TranslatorSRI / Babel

Babel creates cliques of equivalent identifiers across many biomedical vocabularies.
MIT License
8 stars 2 forks source link

Water results in "WATER O 15" (PUBCHEM.COMPOUND:10129877) in NameRes because of a conflation issue #264

Closed gaurav closed 2 months ago

gaurav commented 2 months ago

This is because NameRes entries are all based on DrugConflated results, and the conflation for water is:

["PUBCHEM.COMPOUND:10129877", "CHEBI:15377", "CHEBI:33813", "RXCUI:150985", "RXCUI:204918", "RXCUI:340584", "RXCUI:379002", "RXCUI:1043588", "RXCUI:1045437", "RXCUI:1045439", "RXCUI:1053147", "RXCUI:1053148", "RXCUI:1053172", "RXCUI:1053173", "RXCUI:1053428", "RXCUI:1053429", "RXCUI:1151100", "RXCUI:1151101", "RXCUI:1161792", "RXCUI:1161794", "RXCUI:1161795", "RXCUI:1180556", "RXCUI:1235498", "RXCUI:1235499", "RXCUI:1235500", "RXCUI:1235501", "RXCUI:1235502", "RXCUI:1235503", "RXCUI:1235504", "RXCUI:1310241", "RXCUI:1314884", "RXCUI:1423320", "RXCUI:1423321", "RXCUI:1424601", "RXCUI:1424602", "RXCUI:1424603", "RXCUI:1424604", "RXCUI:1424605", "RXCUI:1425974", "RXCUI:1425975", "RXCUI:1425976", "RXCUI:1425977", "RXCUI:1425978", "RXCUI:1489375", "RXCUI:1489376", "RXCUI:1489377", "RXCUI:1489378", "RXCUI:1539535", "RXCUI:1549855", "RXCUI:2108561", "RXCUI:2282752", "RXCUI:2282753", "RXCUI:2360606", "RXCUI:2360607", "RXCUI:2360608", "RXCUI:2360609", "RXCUI:2360610", "RXCUI:2601721", "RXCUI:2601722", "UMLS:C0359299", "UMLS:C3857954", "UMLS:C1883551"]

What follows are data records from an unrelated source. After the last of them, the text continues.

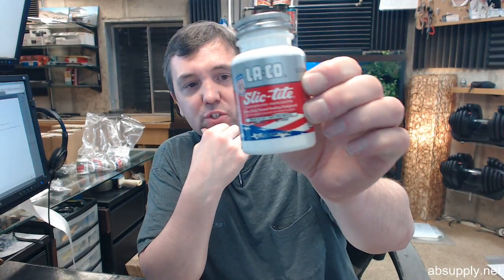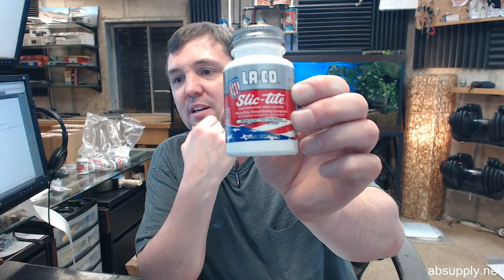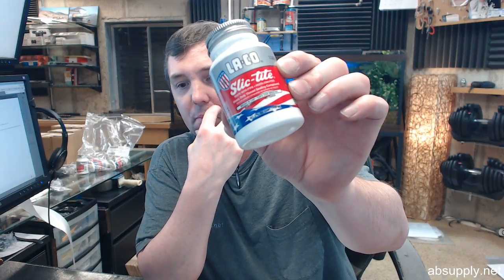Hello, my name is Rich Howard, owner of Architectural Builder Supply. This video is to bring you a closer look at the Markle 42009 Slick Tight Paste Thread Sealant with PTFE.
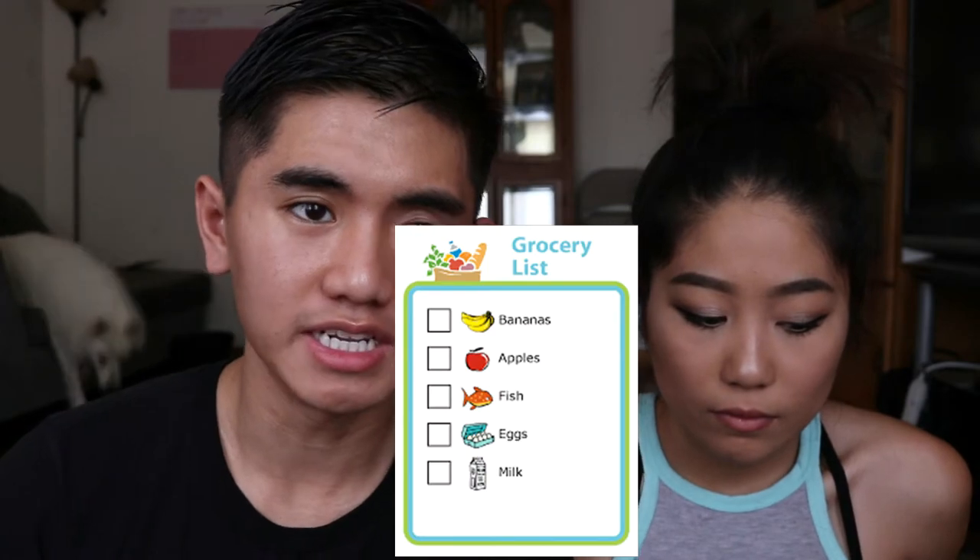We started off by getting all the materials we needed. We got the ramen we wanted — it has to be stir-fried ramen only. We boil the ramen, make sure it's soft, stir it and keep an eye on it. Once it's ready and soft, drain it so all the water comes out. It's gonna be stir-fried using the noodle packets — there are two types: one has oil, soy sauce, and garlic, and the other is more of a seasoning with salt and pepper.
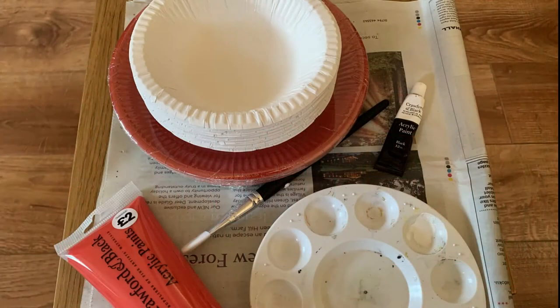For this poppy window craft you will need some paper bowls or plates in either plain or red designs, some red and black acrylic paint, and a paintbrush.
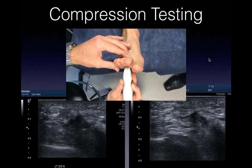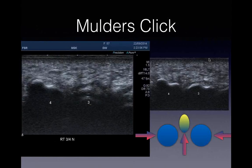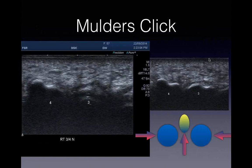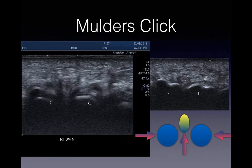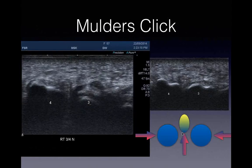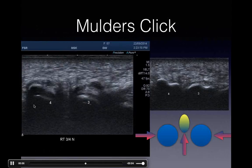Another technique is the Mulder's click - great fun when you get a nice big click. Put your probe transversely over the metatarsal heads, drift a little towards the toes and angle back. Then grab around the foot like you're holding a wet fish and give it a squeeze, applying pressure between the metatarsal heads. Push them together and the nerve pops out plantarly. You get a nice click and often reproduction of symptoms. The tip is you have to push quite hard with your probe as well, otherwise the nerve won't squeeze out.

So why is PUBCHEM.COMPOUND:10129877 ("WATER O 15") ranked above CHEBI:15377 ("water")? This is because after we generate the initial conflation, the leading ID is RXCUI:1425974 ("Opticlear"), which is a biolink:Drug. As a biolink:Drug, PUBCHEM.COMPOUND is a more preferred prefix than CHEBI:

INFO:src.createcompendia.drugchemical:Leading ID RXCUI:1425974 normalized to RXCUI:1425974 (type biolink:Drug) with prefixes: ['ncats.drug', 'RXCUI', 'NDC', 'UMLS', 'PUBCHEM.COMPOUND', 'CHEMBL.COMPOUND', 'UNII', 'CHEBI', 'MESH', 'CAS', 'GTOPDB', 'HMDB', 'KEGG', 'KEGG.COMPOUND', 'ChemBank', 'PUBCHEM.SUBSTANCE', 'INCHI', 'INCHIKEY', 'KEGG.GLYCAN', 'KEGG.ENVIRON', 'SIDER.DRUG', 'BIGG.METABOLITE', 'foodb.compound']

So, options for fixing this:

  1. Conflate fewer things together, so things like Opticlear won't get conflated with water. But this will be much trickier to implement.
  2. We could try determining the type not by a random ID but by some sort of consensus calculation, but given all the RXCUIs I suspect everything will end up as a biolink:Drug.
  3. I don't think we ever want RXCUIs to affect the type calculation. So we could filter them all out (along with all the biolink:ChemicalEntity CURIEs), then base the type on a consensus of the other IDs.
  4. ???
cbizon commented 2 months ago

I think 3 is fine. But I wonder if we can handle this at a per-clique level. We're merging a series of cliques, and each clique has a type. Can we have a preferred series of types and then just choose our favorite type from across the cliques? Drug at bottom, small molecule at top?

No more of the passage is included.